I blogged on this a little while back, and thought it was time to explore a couple of questions a bit more. After Easter the set Bible readings for the Church of England follow the account of Jesus rising from the dead and appearing to his disciples. Quite apart from the step of faith required to believe that at all, this has a few problems.
Mark's Gospel (usually seen as the earliest) ends abruptly at Mark 16:8 in the earliest Greek manuscripts available: "and they said nothing to anyone, for they were afraid". Not exactly the ending you would want at the climax of the greatest story ever told! Later manuscripts have verses 9-20 or another ending that include other appearances and summarize stories found in the other Gospels. The interesting thing is that some evangelical Christians quote the later verses as if they had the same authority as the rest of the Gospel. But, of course, if you have an inerrancy/infallibility view of Scripture, this passage can't be included. On the best evidence available, it isn't Scripture "as originally given"; it is New Testament apocrypha
Or take John 5:1-9, where a man is healed at the pool of Bethesda/Bethzatha. The earliest Greek copies omit verse 4, which refers to the story that when the pool water is disturbed, it is an angel doing it, and that is the moment to enter the water for healing. What seems clear is that verse 4 is a footnote added later to clarify what the man says in verse 7. In later versions, it got incorporated into the main text, although most modern translations make it a footnote. For people with very scrupulous views about Scripture, the status of this verse becomes problematic.
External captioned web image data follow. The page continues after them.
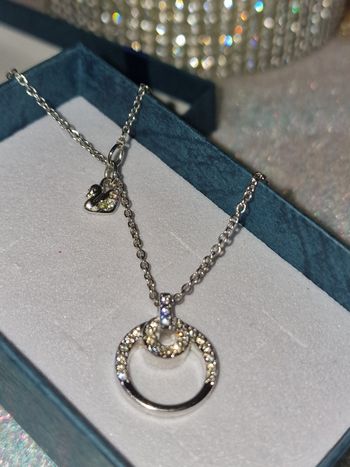Joli collier Swarovski logo et poinçon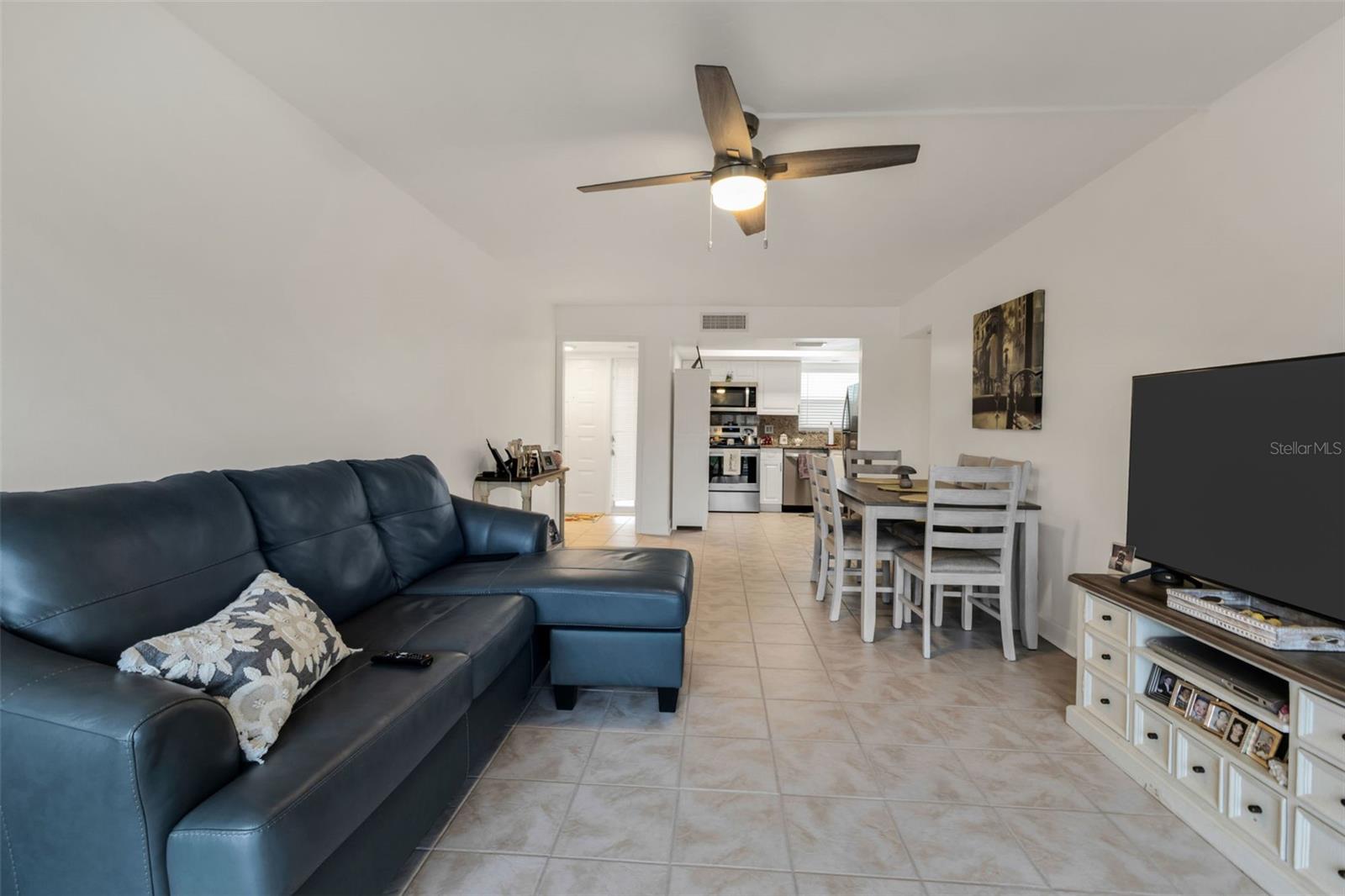 Image 4 of 37 For 311 Garvin Street 205a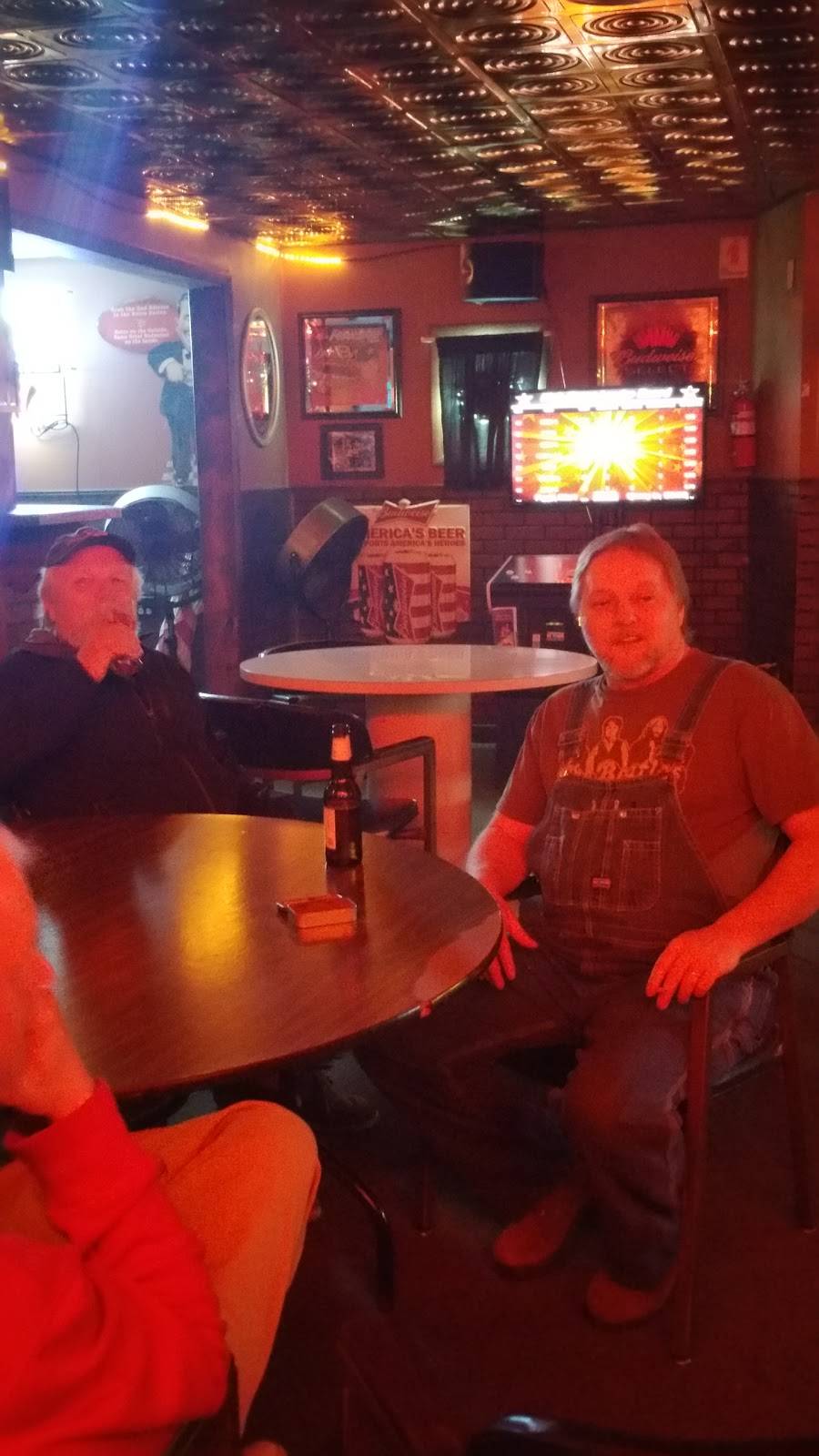 Camden Whiskey Bar | restaurant | 42 E Central Ave, Camden, OH 45311, USA | 9374525581 OR +1 937-452-5581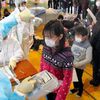 Enfants de Fukushima: Fini de jouer aux billes de verre...Voici celles en Uranium à soie!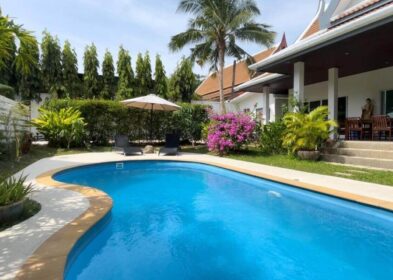 Renovated 3-bedroom villa in Rawai with guest pavilion and private pool
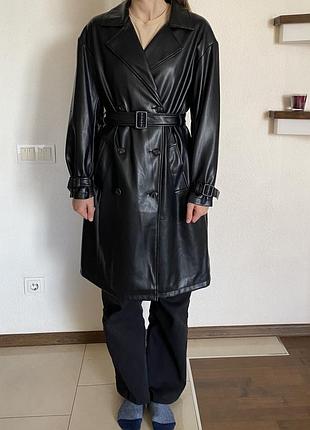 Тренч/плащ/пальто из эко-кожи черный c&amp;a clockhouse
There are plenty more. The one I was studying recently is the fact that the story of the Ethiopian eunuch in Acts 8 didn't originally have Acts 8:37. The New Revised Standard Version footnote states Other ancient authorities add all or most of this, [And Philip said, "If you believe with all your heart, you may." And he replied, "I believe that Jesus Christ is the Son of God."
The original story simply has the eunuch saying what is to prevent him from being baptized, and Philip does it. The extra later verse inserts a credal statement that presumably reflects the practice of the early Christians. Someone obviously wanted baptism to be seen to require some greater understanding than the original text implies.
The boundaries of the 'canon' of Scripture are, in reality, a bit more messy than we often like to portray, and so it seems to me that an excessive emphasis on inerrancy of the Bible runs into problems the moment you start taking the text itself seriously.
3 comments:
So, is there a difference between 'The word of the Lord' (which we must believe is inerrant) and the text of the Bible (which includes the verse numbers, headings and extra material of which you speak. In which case isn't, 'This is the word of the Lord,' the problem?
Sorry that the second bracket went AWOL.
I think my answer is yes (depending where the bracket should have gone. Textual criticism required!)
God's Word is totally authoritative. The question is what is the relationship between the Word, the original text, the copied versions we have, the translations we use and the interpretations that are applied.
All too often there can be a subtle implication that what [the preacher] is saying has the authority of the Word, which ain't necessarily so.